Born on May 12, 1910, in Cairo, Hodgkin did her schooling at Sir John Leman School in Beccles, Suffolk, England. She graduated with distinction in chemistry. It was when she was 15 years old and in Sudan, where her father was posted, that her life-long fascination with chemistry began. A scientist presented her a chemistry set which she used to set up a mini-laboratory and experimented with the plants she had collected.
The idea was pioneered by the Nobel prize-winning father-and-son team of William and Lawrence Bragg in 1932. They unlocked the simple cubic structure of common salt crystals by passing X-rays through them and noting the diffraction pattern. While the experiments were simple enough, the analysis of the patterns demanded hard work.
With the advent of computers in the early '50s, it became easier to handle the complex mathematics involved in determining the crystalline structure. In fact, were it not for computers, Hodgkin's most ambitious project -- finding the structure of insulin, which contains more than 800 atoms -- would have taken far longer. It was accomplished in 1969.
For most of the war years, Hodgkin concentrated on finding the structure of penicillin and in 1945 she elucidated its structure before it had been deduced by purely chemical methods. Then, in 1956, she determined the structure of vitamin B12, a complex molecule which contains more than 90 atoms. At the time, this was considered to be the high-point of X-ray diffraction analysis.
Hodgkin developed arthritis in the early '50s and the labour-intensive nature of her work forced her to retire from practical research in the '60s. In 1960, Hodgkin was made a Royal Society Wolfson Research Professor. She was made a Fellow of the Royal Society in 1947 and won the Nobel Prize for chemistry in 1964. She was also awarded the prestigious Lomonosov Gold Medal of the Soviet Academy of Sciences in 1983.
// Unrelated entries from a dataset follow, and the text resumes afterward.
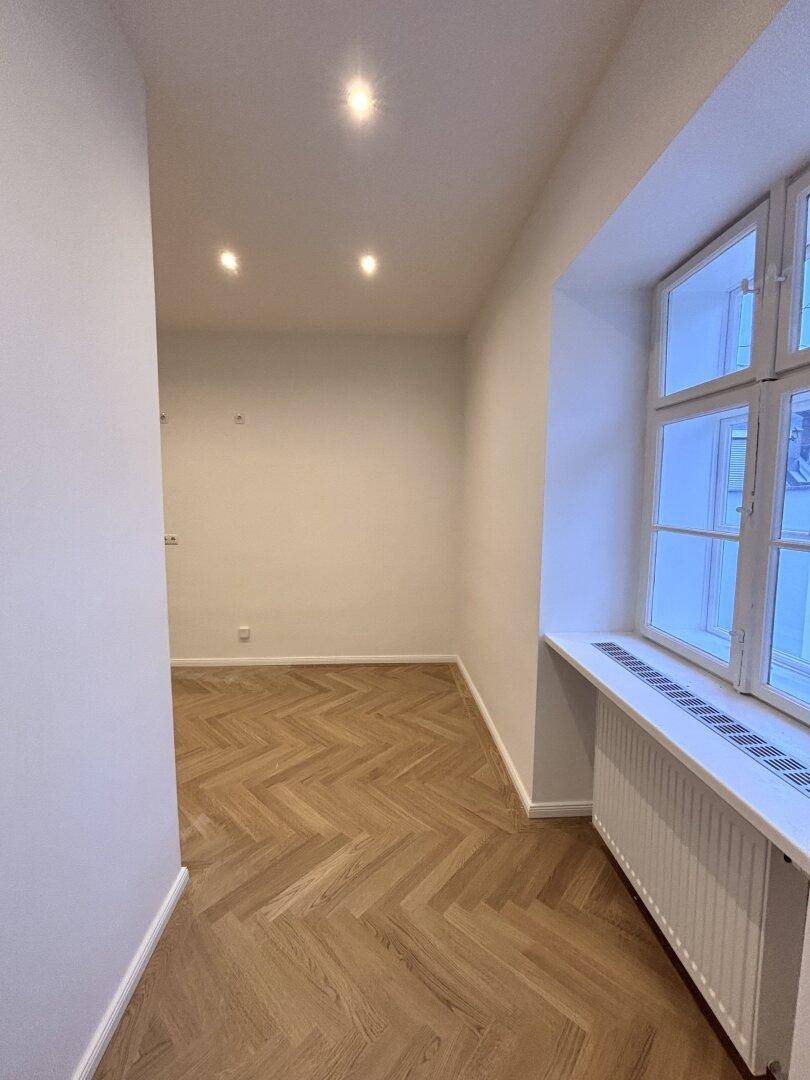 Langer, heller Flur mit Fischgrätparkett und Einbaustrahlern.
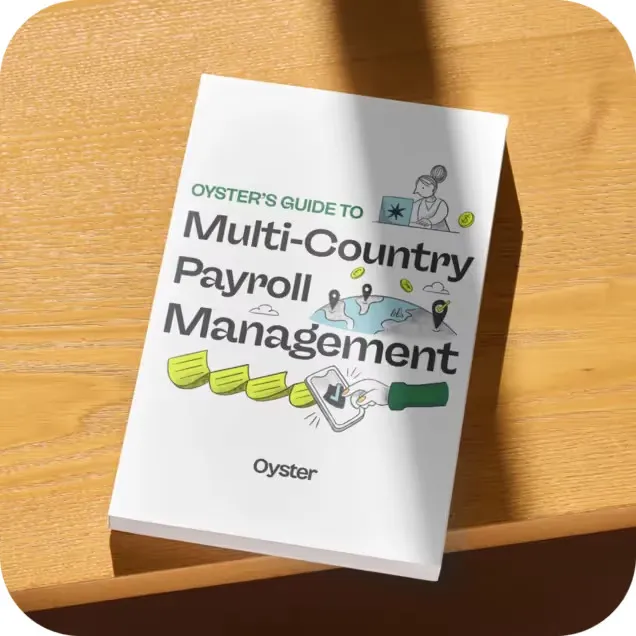 Book titled 'Oyster's Guide to Multi-Country Payroll Management' lying on a wooden surface with illustrations of a person and a world map.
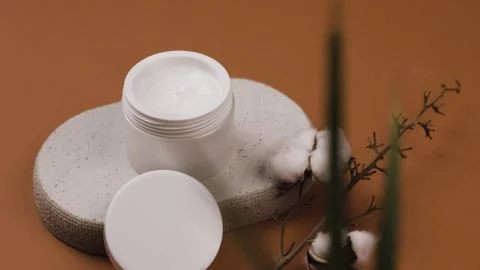 Open cosmetic jar displaying rich cream texture beside lid on stone pedestal Stock Footage 342377984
After her retirement, she became a prominent worker for international peace and understanding -- between 1976 and 1988, she presided over regular Pugwash conferences, where scientists discuss major problems confronting the world. In 1965, she became the first woman since Florence Nightingale to be awarded the Order of Merit, and 20 years later, her portrait joined the select band of scientists in the National Portrait Gallery in London.
Hodgkin may not find a permanent place in public memory, but her extraordinary life will continue to inspire women to take up the sciences and perform as well as their male counterparts.